Cet arrêt est cassé (arrêt du 9 octobre 2024, n°23-19.063), au motif que :
- « le fait de n'avoir pu être joint en dehors des horaires de travail sur son téléphone portable personnel est dépourvue de caractère fautif et ne permet donc pas de justifier une sanction disciplinaire »
Le droit à la déconnexion est-il maintenu si le refus de répondre est susceptible d'entraîner des conséquences graves ?
Le droit à la déconnexion totale est un principe établi.
Un ambulancier avait été licencié pour faute grave au motif qu’il avait « refusé d'assurer son service » et avait de ce fait « mis la vie de personnes en danger et l'avenir de l'entreprise en péril ».
Il lui était reproché d'avoir refusé de répondre aux 3 appels téléphoniques que son employeur lui avait passés sur son téléphone portable personnel.

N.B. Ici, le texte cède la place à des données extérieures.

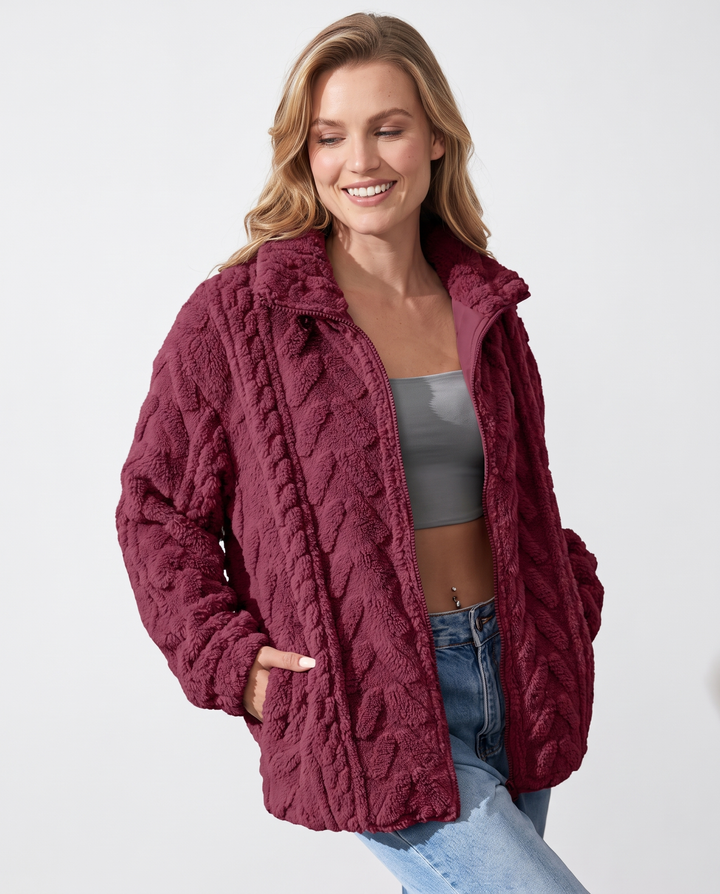 Dokotoo Winter Fleece Jacket for Women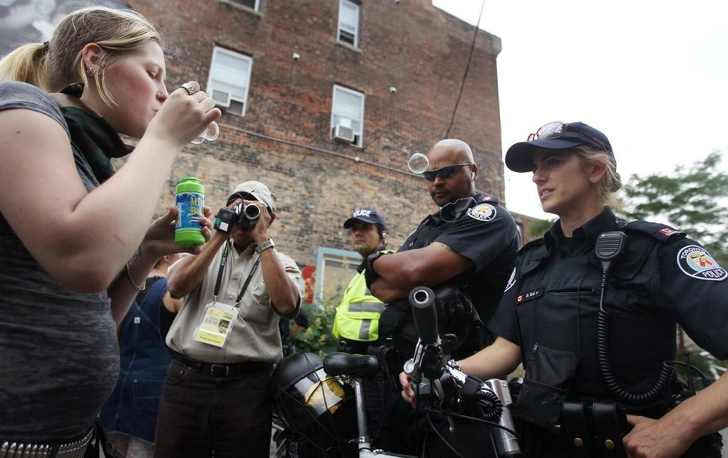 Мыльные пузыри: история изобретения | Источник: Steve Russell/Toronto Star via Getty Images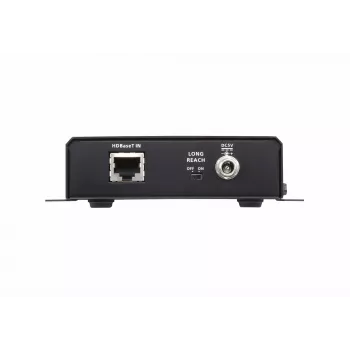 Odbiornik ATEN HDMI HDBaseT z POH, 4096 x 2160 pikseli, odbiornik AV, 150 m, przewodowy, 3D, HDCP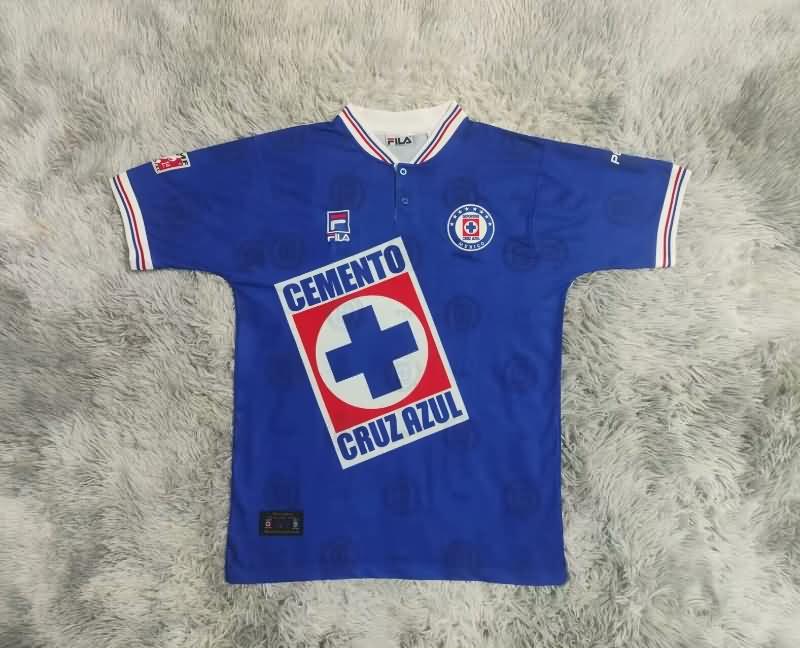 Cruz Azul Soccer Jersey Home Retro Replica 1998/99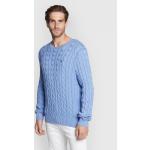 Przecenione Niebieskie Swetry męskie marki POLO RALPH LAUREN Big & Tall 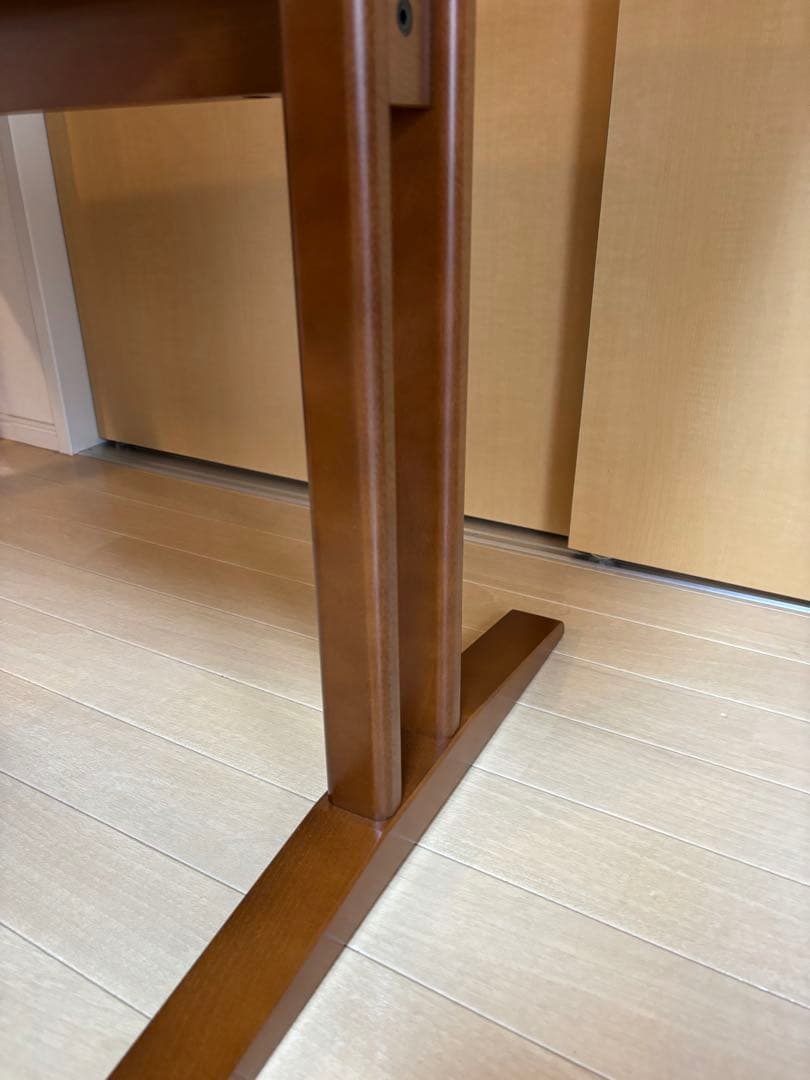 カリモク60 カフェテーブル1200 ウォールナット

Pour la Cour d'appel d'Aix-en-Provence qui avait confirmé le licenciement pour faute grave, « ce comportement irresponsable caractérise la faute grave, l'employeur ne pouvant, sans risque majeur, conserver à son service, même pendant la durée limitée du préavis, un salarié bafouant l’éthique de sa profession ».
Or, par arrêt du 17 février 2004 (n°01-45.889), la Cour de cassation avait considéré « que le fait de n'avoir pu être joint en dehors des horaires de travail sur son téléphone portable personnel est dépourvu de caractère fautif et ne permet donc pas de justifier un licenciement disciplinaire pour faute grave ».
Exception au droit à la déconnexion : l'astreinte.
Il peut être exigé des salariés qu’ils restent à la disposition de leur employeur, même en dehors des heures de travail. Les salariés sont alors d'astreinte. La période d'astreinte s’entend comme une période pendant laquelle le salarié, sans être à la disposition permanente et immédiate de l’employeur, a l’obligation de demeurer à son domicile ou à proximité afin d’être en mesure d’intervenir pour accomplir un travail au service de l’entreprise.
Les périodes d’astreinte sont prévues par un certain nombre de conventions collectives, par exemple :
- la convention collective nationale des hôtels, cafés et restaurants, en cas d’intervention en dehors des horaires de travail habituels.
- La convention collective nationale des entreprises de propreté et services associés pour les agents intervenant en cas de dépannage urgent ou pour assurer des services continus.
- La convention collective nationale des transports routiers, pour les chauffeurs routiers ou les conducteurs afin d’assurer des interventions en dehors des horaires de travail habituels.
- La convention collective de la métallurgie pour les salariés susceptibles d'être appelés à intervenir sur des installations techniques en dehors des horaires normaux.
Même en l'absence de dispositions dans la convention collective, l'employeur peut fixer des périodes d'astreinte à ses salariés. Il faut alors que les plages de temps d’astreinte soient convenues à l'avance et qu’elles donnent lieu à rémunération.
Ainsi, un salarié promu directeur d'agence, s'était vu, comme tous ses collègues directeurs d'agence, imposer l'obligation de rester en permanence disponible à l'aide de son téléphone portable pour répondre à d'éventuels besoins et se tenir prêt à intervenir.
La Cour d'appel de Montpellier, suivie en cela par la Cour de Cassation (12 juillet 2018, n°17-13.029) condamnait l’employeur à payer au directeur d'agence, une somme de 60 000 € sur une durée de deux ans, au motif que la période d’astreinte qui devait être rémunérée s'était étendue sur l'intégralité du temps de repos du salarié.
Il appartient donc à l'employeur de limiter la période d'astreinte, et d’en fixer le montant de la rémunération s’il n’est pas déjà prévu par la convention collective.